Tal o grau de instabilidade, tanto nos setores internos mais conservadores, quanto nos setores externos, criada pelo decreto que levou a supressão, um ano depois, das limitações ao capital externo impostas em janeiro de 1952, sendo assim, substituindo o esquema de restrição ao fluxo de capital internacional por um mercado de câmbio livre que perdurou até o

anúncio da Instrução 70 da SUMOC, em outubro de 1953. Com isso a legislação brasileira para remessas de rendimentos tornou-se uma das menos restritivas de toda a América Latina. Mesmo com a Instrução 70 da SUMOC, este cenário não se altera, uma vez que, houve apenas uma pequena alteração na política cambial com a adição do custo de câmbio à taxa de câmbio oficial. Esta reforma na política de remessas apaziguou a insatisfação dos investidores externos e da desconfiança dos órgãos multilaterais de financiamento. Além do mais, em virtude desta reforma, o mercado foi aberto para quase todas as transações de capital.

Foi esta sucessão de acontecimentos que fez D’araújo (1982) concordar com Skidmore (1976), ao relatar que os planos iniciais do Presidente de se implantar um esquema de restrições ao ingresso a atuação do capital externo, não foi realmente materializado. Porém, a autora relevou que, embora esta diretriz não tenha se consolidado na prática, não se pode se dizer que o ideal nacionalista tenha desaparecido por completo, ao contrário a tônica nacionalista esteve presente no discurso oficial, dividindo dualmente a orientação do Governo deveria tomar em relação a participação do setor estrangeiro em âmbito interno:

Na prática, as metas esboçadas na campanha fracassaram em grande parte, não se traduzindo em política efetivas do Governo. Apesar da manutenção de um discurso nacionalista, constata-se que o Brasil teve que ceder efetivamente aos interesses norte-americanos, particularmente ao capital estrangeiro e aos recursos naturais do País. Da mesma forma que no plano político, a trajetória do Governo no plano econômico é marcada por contradições constantes que acentuam a defasagem entre o discurso ideológico e as práticas efetivas. (D’ARAÚJO, 1982, p. 96).

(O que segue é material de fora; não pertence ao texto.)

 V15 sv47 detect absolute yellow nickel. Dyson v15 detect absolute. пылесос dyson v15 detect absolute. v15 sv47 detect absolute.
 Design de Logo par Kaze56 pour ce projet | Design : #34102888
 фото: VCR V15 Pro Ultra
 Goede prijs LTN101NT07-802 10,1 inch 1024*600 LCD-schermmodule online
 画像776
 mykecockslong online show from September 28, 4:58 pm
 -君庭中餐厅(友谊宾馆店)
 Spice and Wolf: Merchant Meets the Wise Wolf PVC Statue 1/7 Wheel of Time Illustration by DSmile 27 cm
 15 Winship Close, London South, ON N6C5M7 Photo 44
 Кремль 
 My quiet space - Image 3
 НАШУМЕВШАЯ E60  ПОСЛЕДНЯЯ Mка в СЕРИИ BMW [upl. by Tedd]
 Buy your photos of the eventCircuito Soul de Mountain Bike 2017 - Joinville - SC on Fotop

Se a convivência dessas orientações variadas e a tomadas de algumas decisões contraditórias parecem totalmente inconsistentes e irreconciliáveis, estas procuravam uma solução de equilíbrio entre a cooperação externa e a soberania nacional para o desenvolvimento econômico e industrial do País.

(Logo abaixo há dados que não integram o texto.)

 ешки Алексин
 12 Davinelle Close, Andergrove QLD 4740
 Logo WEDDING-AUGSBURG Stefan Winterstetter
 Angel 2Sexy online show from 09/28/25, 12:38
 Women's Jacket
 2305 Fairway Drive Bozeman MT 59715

Para o Brasil, as restrições à participação do capital estrangeiro na extração no aproveitamento dos recursos minerais estratégicos representavam uma das medidas que seriam necessário recorrer para a defesa da soberania nacional. Embora na prática essa diretriz não tenha sido seguida, nem por isso a tônica nacionalista desapareceu: continuou presente no discurso oficial sobre o que deveria ser feito e nas denúncias sobre os obstáculos à efetivação desse projeto. (D’ARAÚJO, 1982, p. 100).